Picture this ok: You lace up your trainers and off you trot for a nice easy 9 miler...it’s your current favourite route, there’s a pretty epic hill about 3 miles in so when you’ve passed that, you feel like you’re home and dry. It’s grey and rainy and you get splashed by the odd truck but you’re not a fair weather runner so trottrottrot you go. You make it up your ‘Everest’, you’re high up in Fife’s heavens, the wind is behind you, all is good.

AND THEN. You change direction, and some weather God decides that no, today is not meant for a nice satisfying run but that it’s time for some suffering. The wind is now in your face, like actually IN your face and it brings little needles of frozen rain, not snow, or hail, frozen rain, into your skin so you have to squint and your thighs are not quite numb enough to not feel the needles soaking your tights and your skin and it stings. Your hands are wet and so cold you can’t grab your tights to readjust and you are suffering. It is the coldest and wettest run that perhaps there ever was. Don’t call me a hero (ok just whisper it), I’m no Nansen , and I’m not telling you this so you think I’m amazingly hardcore and brilliant (though if that happens to be your concluding opinion then who am I to argue).
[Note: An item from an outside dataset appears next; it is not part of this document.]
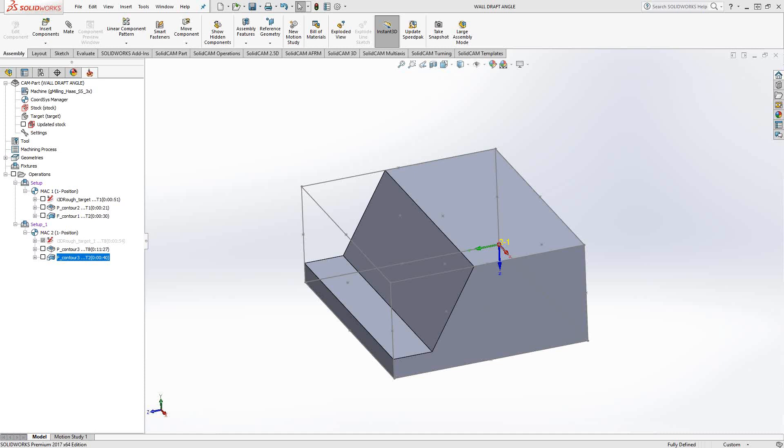Welcome to the CAM Academy University channel. This video's topic is wall draft angle.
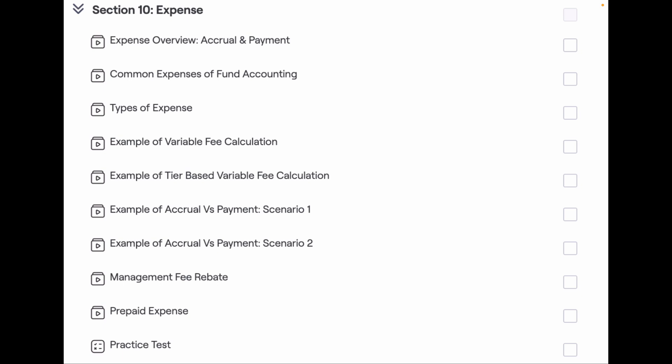Management fee rebate and prepaid expenses are not common in all types of funds. Yet I have given an overview of both.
No...I’m telling you so you can understand what it was that kept one foot in front of the other and prevented a major tantrum. It was this poofy, buttery bread that was my whirlywhirly ‘carrot’ and the thought of it sitting next to ‘too hot for purists’ coffee meant that I made it home in record time. If you’ve perhaps not heard of ensaimada before, I will tell you that it is in fact a Mallorcan breakfast treat, probably traditionally made with lots of lards.

I will admit that it’s not meant to be quite this shape, but more of a flat spiral that fits into a sort of large Camembert type box. I am, however, chalking my superduper spiral explosion down to my recent bready endeavors and the fact that I have evidently got just too good at the yeasty thing for my own good. I’m off to continue patting myself on the back...you go and make this, the running thing is not a mandatory part of the recipe, in fact, I’d advise against it. With Love and Cake.


A few notes:
  • While it is true that from start to finish this recipe takes a good while, you are not involved very much at all, so don't be intimidated by all the restings and risings.
  • You can add fillings when you do the rolling out and brushing with butter. A sprinkling of sugar would be nice, maybe some cinnamon or a ground almond fondant. This is the most traditional version though.

Makes one big one
You will need

A large baking sheet,lined

1.5 tsp dried yeast
150ml milk, warmed 
375g strong white bread flour
pinch salt
90g caster sugar
2 eggs
1 tbsp olive oil, plus extra 
a good knob of melted butter, plus extra for glazing
icing sugar

  • First little job....mix together the yeast and milk and set aside.
  • In a nice large bowl combine the flour, salt and sugar.
  • Make a well in the centre of the four and add the eggs and olive and whisk together, starting to incorporate into the flour.
  • Add the milk and yeast mixture to the flour and mix everything to a sticky dough.
  • Turn the dough out onto a well floured surface and have lots more flour handy so you can keep flouring the surface and your hands; it's a very sticky and wet dough at this stage.
  • Knead until the dough has become stretchy and shiny.
  • Oil the bowl that you mixed the dough in, pop the dough back in it, oil the top of the dough, cover with a tea towel and set aside in a cosy place for around 1 hour.
  • Roll the dough out on a well floured surface to a large rectangle and just a few millimetres thickness.
  • Brush all over with melted butter and roll up, starting from one of the longer edges, like you would roll up a poster.
  • Leave the dough to rise in its sausage shape for at least another hour, or more if you've got the time.
  • Coil the dough up into a spiral and transfer to your baking sheet, leaving it alone for one last hour.
  • Preheat the oven to 190°c.
  • Bake the ensiamada for 30-40 minutes, until puffed up and golden.
  • As soon as it's out of the oven, brush all over with melted butter and sprinkle over lots of icing sugar  through a sieve.
  • Eat with coffee or hot chocolate and feel like a hero.